[Scraped caption text data]

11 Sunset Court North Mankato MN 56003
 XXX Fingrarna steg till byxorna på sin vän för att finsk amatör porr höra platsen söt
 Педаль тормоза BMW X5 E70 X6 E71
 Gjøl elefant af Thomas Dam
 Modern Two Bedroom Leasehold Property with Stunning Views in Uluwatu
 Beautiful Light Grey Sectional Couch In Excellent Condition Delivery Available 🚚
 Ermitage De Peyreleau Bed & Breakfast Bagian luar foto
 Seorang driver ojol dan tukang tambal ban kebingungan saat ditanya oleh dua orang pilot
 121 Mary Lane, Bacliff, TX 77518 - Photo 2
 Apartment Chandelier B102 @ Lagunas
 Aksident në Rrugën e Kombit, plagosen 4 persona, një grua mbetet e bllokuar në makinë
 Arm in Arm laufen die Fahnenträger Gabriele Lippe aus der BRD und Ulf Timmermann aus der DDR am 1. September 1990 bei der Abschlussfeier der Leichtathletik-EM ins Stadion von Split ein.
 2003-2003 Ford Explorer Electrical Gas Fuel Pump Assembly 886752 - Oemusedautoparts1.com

* WORK REQUEST *
What is needed is an exact transcription of all the data.

* ANSWER FOR THE TASK *
11 Sunset Court North Mankato MN 56003
 XXX Fingrarna steg till byxorna på sin vän för att finsk amatör porr höra platsen söt
 Педаль тормоза BMW X5 E70 X6 E71
 Gjøl elefant af Thomas Dam
 Modern Two Bedroom Leasehold Property with Stunning Views in Uluwatu
 Beautiful Light Grey Sectional Couch In Excellent Condition Delivery Available 🚚
 Ermitage De Peyreleau Bed & Breakfast Bagian luar foto
 Seorang driver ojol dan tukang tambal ban kebingungan saat ditanya oleh dua orang pilot
 121 Mary Lane, Bacliff, TX 77518 - Photo 2
 Apartment Chandelier B102 @ Lagunas
 Aksident në Rrugën e Kombit, plagosen 4 persona, një grua mbetet e bllokuar në makinë
 Arm in Arm laufen die Fahnenträger Gabriele Lippe aus der BRD und Ulf Timmermann aus der DDR am 1. September 1990 bei der Abschlussfeier der Leichtathletik-EM ins Stadion von Split ein.
 2003-2003 Ford Explorer Electrical Gas Fuel Pump Assembly 886752 - Oemusedautoparts1.com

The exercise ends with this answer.